[Spatial localization data]
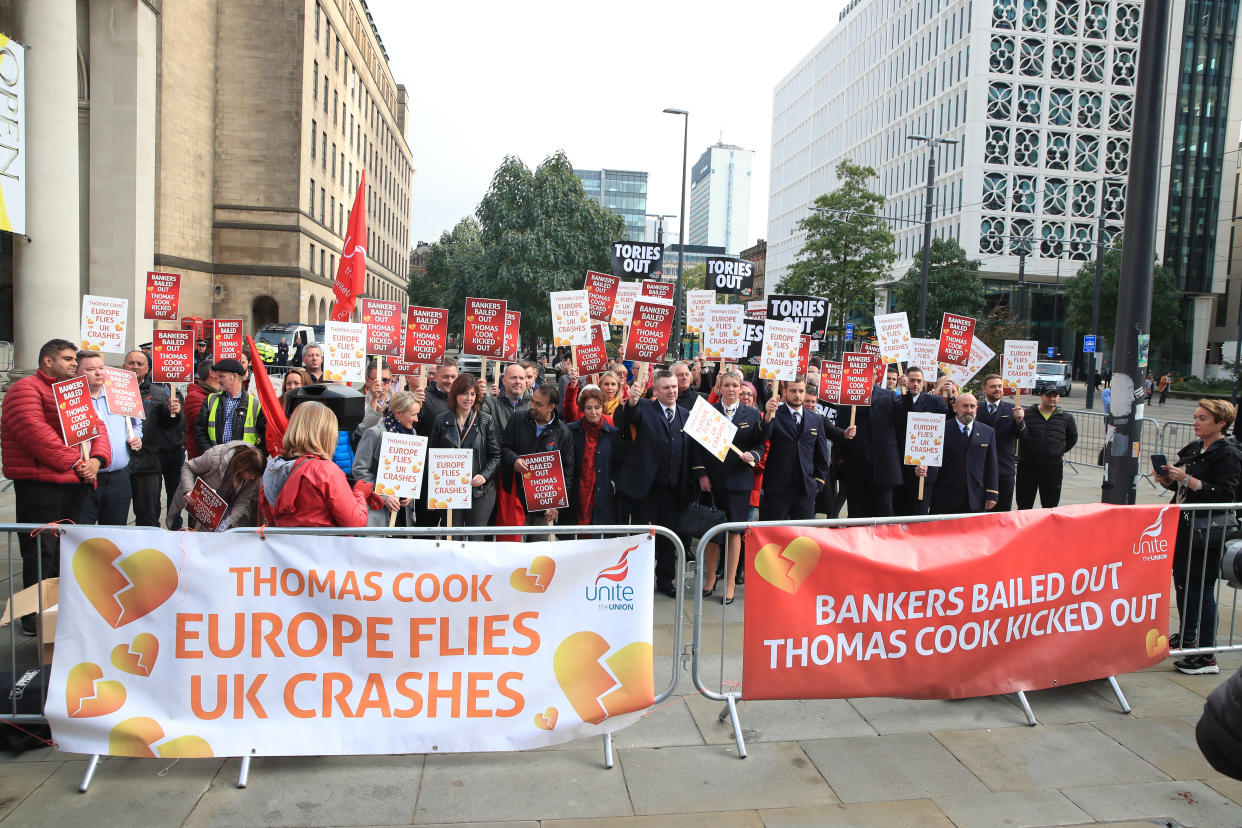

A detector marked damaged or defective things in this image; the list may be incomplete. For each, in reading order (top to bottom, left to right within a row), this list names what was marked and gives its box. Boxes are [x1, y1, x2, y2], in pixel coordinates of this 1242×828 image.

broken heart logo [72, 536, 178, 628]
broken heart logo [508, 556, 556, 596]
broken heart logo [752, 536, 820, 596]
broken heart logo [548, 632, 652, 724]
broken heart logo [109, 720, 213, 756]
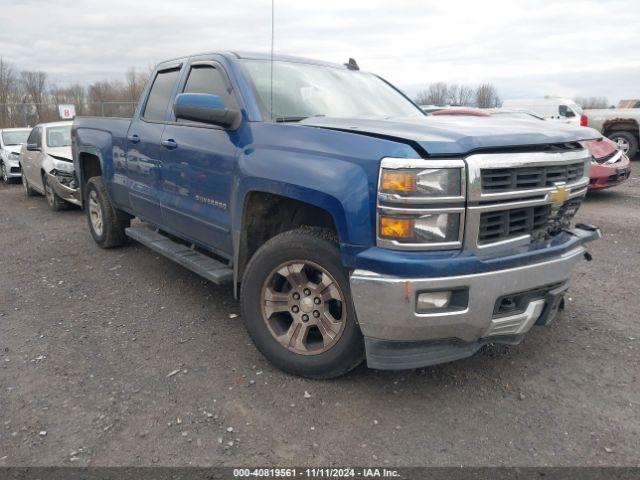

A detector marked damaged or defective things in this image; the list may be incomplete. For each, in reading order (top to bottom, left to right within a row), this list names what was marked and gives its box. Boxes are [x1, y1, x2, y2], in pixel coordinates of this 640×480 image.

white damaged car [19, 120, 80, 210]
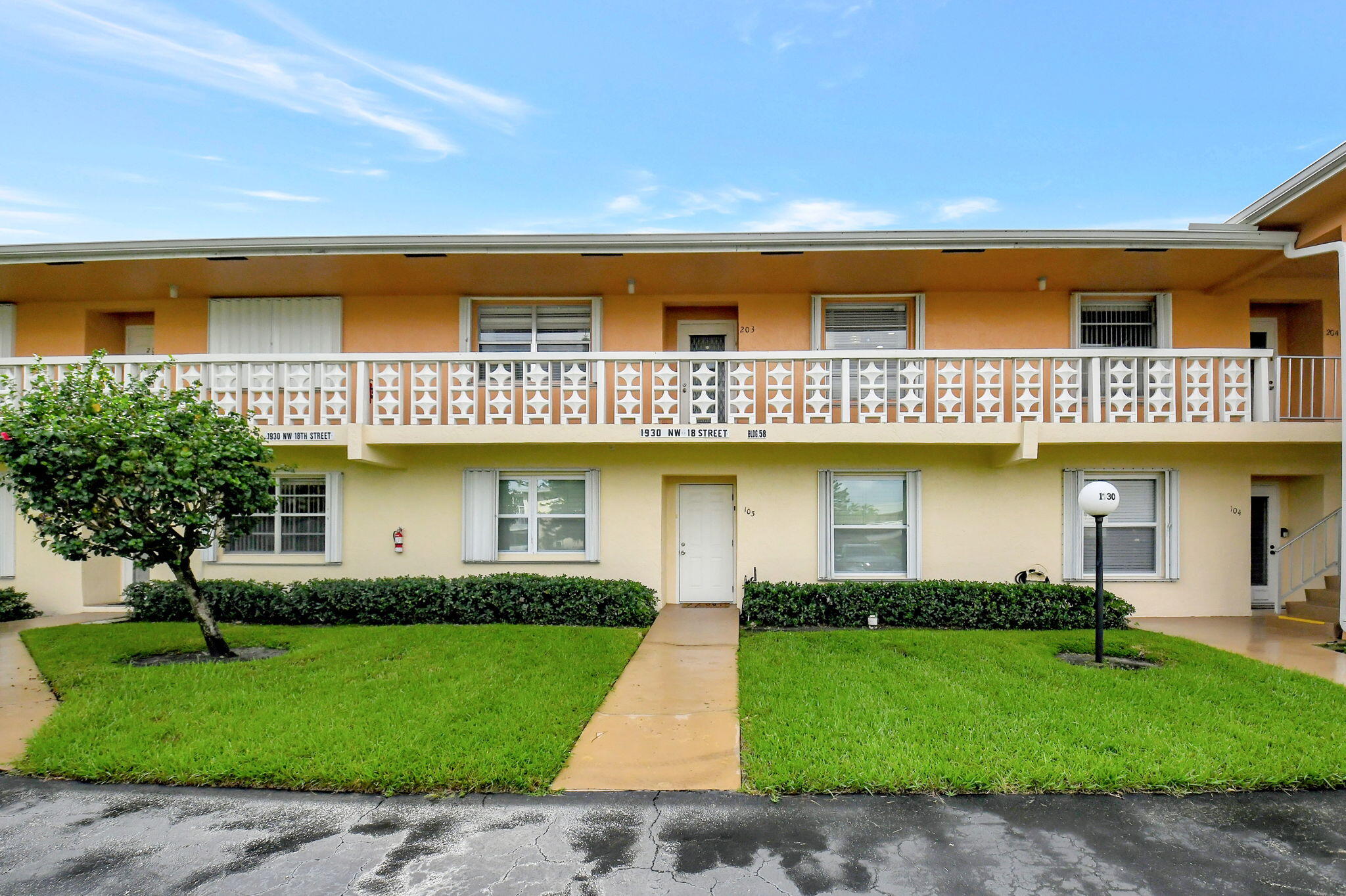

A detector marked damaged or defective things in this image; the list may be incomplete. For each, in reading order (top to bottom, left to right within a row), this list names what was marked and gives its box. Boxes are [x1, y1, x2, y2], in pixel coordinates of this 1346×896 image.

cracked pavement [3, 769, 1346, 887]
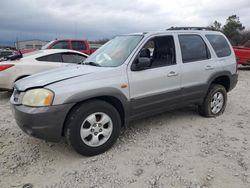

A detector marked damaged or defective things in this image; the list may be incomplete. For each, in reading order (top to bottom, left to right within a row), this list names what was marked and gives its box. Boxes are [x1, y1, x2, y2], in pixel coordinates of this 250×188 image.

crumpled hood [14, 64, 107, 91]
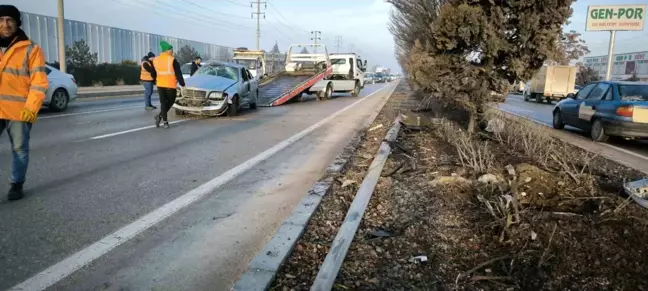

• [Task]:
All preceding records should be duplicated verbatim, images excepted.

• [Result for this task]:
A detector marked damaged or defective things in this image; the list may be incomplete. For each, in reading order (top to bottom, left to right within a row), this list names what was marked and gives its box. Boxes are [x1, y1, x2, y2], in pixel coordinates of this 1242×828 image.

broken heart logo [72, 536, 178, 628]
broken heart logo [508, 556, 556, 596]
broken heart logo [752, 536, 820, 596]
broken heart logo [548, 632, 652, 724]
broken heart logo [109, 720, 213, 756]

A detector marked damaged or defective things in this image; the list may be incomplete. For each, in reading order (top to bottom, left to right within a row), this list names what was marked and gives its box. Boxes are [x1, y1, x2, y2], in pixel coordinates of this 640×480 image.

white damaged car [19, 120, 80, 210]

A detector marked damaged or defective things in this image; the list may be incomplete. For each, in reading order (top to bottom, left to right within a row), this list names what was marked and gives its box. Boxes are [x1, y1, x2, y2], in pixel coordinates of this 1346×896 image.

cracked pavement [3, 769, 1346, 887]

A detector marked damaged or defective things in this image; the list may be incomplete. For each, in reading order (top to bottom, left to right within a row), this list names what was marked and gives its box. Boxes are [x1, y1, x2, y2], in pixel coordinates of this 250×188 image.

crumpled hood [14, 64, 107, 91]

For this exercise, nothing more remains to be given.